Reputation: 1296
I have a library built using .netstandard framework and say the version of that library is 1.1.2. Now i have a .NET Core application built using that library(version:1.1.2).
If i upgrade the library version to 1.1.3, without recompiling is there a way to run the same .NET Core application against 1.1.3?
In .NET Framework we have bindingRedirect which can be set in the App.Config file and the .NET Framework application built using library version 1.1.2 can run against a library with version 1.1.3/1.1.1 as well without recompiling.Is there a similar thing for .NET Core as well?
Upvotes: 1
Views: 1398
Reputation: 29839
If i upgrade the library version to 1.1.3, without recompiling is there a way to run the same .NET Core application against 1.1.3?
Yes - just replace the dependency with the updated version and it should just work (assuming of course that the updated dependency hasn't changed its public API from version 1.1.2).
.NET Core behaves differently to Framework in that its runtime (CoreCLR) attempts to resolve dependencies by looking for versions that are the same or higher than the application was built against.
.NET Framework's CLR looks for the specific version of the dependency that the application was built against - forwards compatibility is one of the reasons why the binding redirect mechanism had to be added.
Core's (arguably more logical) approach means that it doesn't support the concept of binding redirects at all - because it doesn't need them.
In .NET Framework we have bindingRedirect which can be set in the App.Config file and the .NET Framework application built using library version 1.1.2 can run against a library with version 1.1.3/1.1.1 as well without recompiling.Is there a similar thing for .NET Core as well?
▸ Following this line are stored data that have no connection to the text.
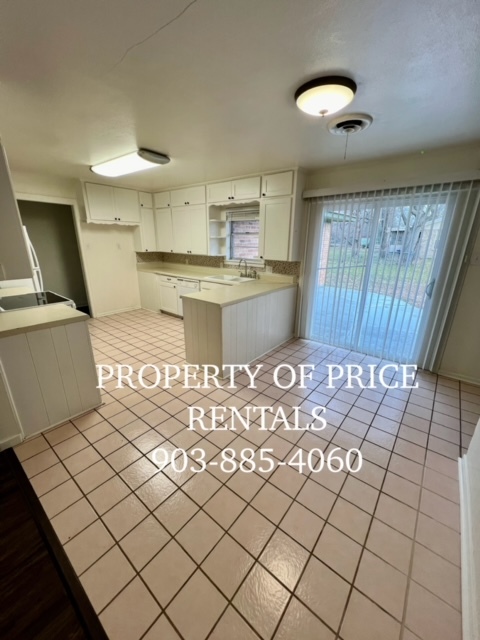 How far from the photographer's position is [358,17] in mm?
1066

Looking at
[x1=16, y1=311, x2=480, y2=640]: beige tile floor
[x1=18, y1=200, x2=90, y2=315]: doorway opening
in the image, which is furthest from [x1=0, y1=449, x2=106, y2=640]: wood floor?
[x1=18, y1=200, x2=90, y2=315]: doorway opening

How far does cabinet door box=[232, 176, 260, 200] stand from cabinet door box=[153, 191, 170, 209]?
1.54 meters

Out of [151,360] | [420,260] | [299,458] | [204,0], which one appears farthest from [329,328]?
[204,0]

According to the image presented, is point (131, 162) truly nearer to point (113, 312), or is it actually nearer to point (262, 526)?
point (113, 312)

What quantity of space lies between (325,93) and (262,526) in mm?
2423

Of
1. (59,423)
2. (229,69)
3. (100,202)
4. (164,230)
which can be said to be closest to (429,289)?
(229,69)

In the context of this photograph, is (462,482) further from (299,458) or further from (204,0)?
(204,0)

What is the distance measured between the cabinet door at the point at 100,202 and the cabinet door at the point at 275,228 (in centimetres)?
259

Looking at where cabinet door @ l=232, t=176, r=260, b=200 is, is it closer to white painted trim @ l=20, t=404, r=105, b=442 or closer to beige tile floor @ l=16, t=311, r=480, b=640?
beige tile floor @ l=16, t=311, r=480, b=640

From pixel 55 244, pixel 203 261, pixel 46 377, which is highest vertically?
pixel 55 244

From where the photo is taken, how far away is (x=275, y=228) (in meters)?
3.47

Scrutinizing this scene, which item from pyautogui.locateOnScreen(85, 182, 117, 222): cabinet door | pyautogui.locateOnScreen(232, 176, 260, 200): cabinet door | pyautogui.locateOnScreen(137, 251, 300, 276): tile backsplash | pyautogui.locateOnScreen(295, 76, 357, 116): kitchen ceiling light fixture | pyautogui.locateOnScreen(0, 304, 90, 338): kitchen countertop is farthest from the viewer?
pyautogui.locateOnScreen(85, 182, 117, 222): cabinet door

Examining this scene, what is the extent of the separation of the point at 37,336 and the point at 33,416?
62 cm

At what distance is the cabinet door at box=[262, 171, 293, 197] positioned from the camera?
326 cm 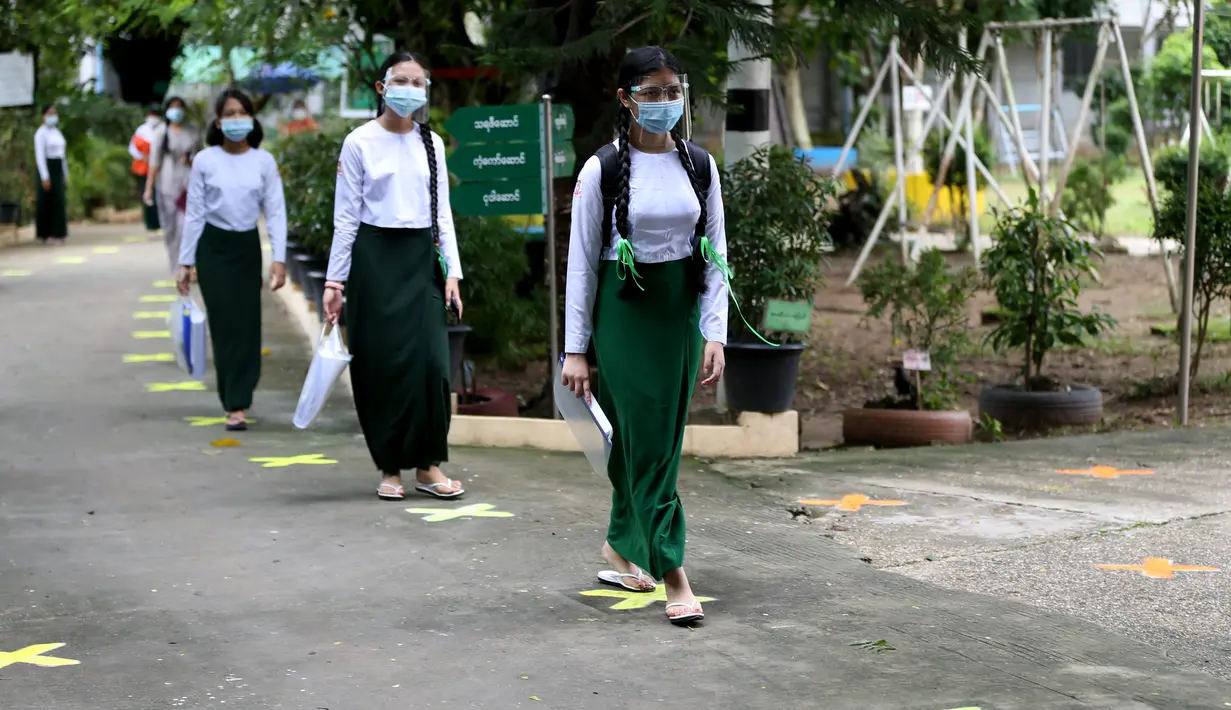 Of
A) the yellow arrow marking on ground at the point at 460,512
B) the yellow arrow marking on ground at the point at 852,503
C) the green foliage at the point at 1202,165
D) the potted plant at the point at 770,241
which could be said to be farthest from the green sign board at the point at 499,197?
the green foliage at the point at 1202,165

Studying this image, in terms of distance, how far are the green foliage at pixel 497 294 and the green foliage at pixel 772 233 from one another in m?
2.01

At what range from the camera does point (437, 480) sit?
7234 millimetres

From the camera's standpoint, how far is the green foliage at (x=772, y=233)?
8.73 m

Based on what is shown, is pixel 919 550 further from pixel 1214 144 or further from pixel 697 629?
pixel 1214 144

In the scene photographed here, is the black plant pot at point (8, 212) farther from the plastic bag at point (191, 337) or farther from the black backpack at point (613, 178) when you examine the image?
the black backpack at point (613, 178)

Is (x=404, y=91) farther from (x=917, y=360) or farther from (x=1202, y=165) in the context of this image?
(x=1202, y=165)

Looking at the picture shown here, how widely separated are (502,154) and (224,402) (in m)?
2.07

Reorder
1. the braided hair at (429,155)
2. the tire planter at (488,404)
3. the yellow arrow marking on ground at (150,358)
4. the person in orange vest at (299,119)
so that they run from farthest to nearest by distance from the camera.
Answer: the person in orange vest at (299,119) < the yellow arrow marking on ground at (150,358) < the tire planter at (488,404) < the braided hair at (429,155)

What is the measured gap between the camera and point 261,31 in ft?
43.5

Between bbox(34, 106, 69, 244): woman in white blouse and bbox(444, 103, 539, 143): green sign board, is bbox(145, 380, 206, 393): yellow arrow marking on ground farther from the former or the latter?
bbox(34, 106, 69, 244): woman in white blouse

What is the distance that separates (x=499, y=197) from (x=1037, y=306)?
3.24 m

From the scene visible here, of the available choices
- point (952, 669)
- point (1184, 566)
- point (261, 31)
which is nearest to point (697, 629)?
point (952, 669)

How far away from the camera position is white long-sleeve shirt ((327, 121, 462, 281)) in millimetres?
6969

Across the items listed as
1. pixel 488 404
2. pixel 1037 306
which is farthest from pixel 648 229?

No - as stated above, binding redirects aren't supported in Core and the dependency resolution algorithm only consider versions of the same or newer.
I can't find any documentation as to why there is no built-in support for older versions, but I suspect it's got a lot to do with the fact that such a scenario is both unlikely, and that supporting it ends up effectively causing the type of DLL hell that .NET was supposed to avoid.
.NET Core provides the AssemblyLoadContext
class, which you can extend to provide your own implementation of an assembly-loading algorithm to handle your specific case. For example, you could write an AssemblyLoadContext
that uses binding redirect rules from an app.config
file to load your dependencies (whether you should do something like this is another story).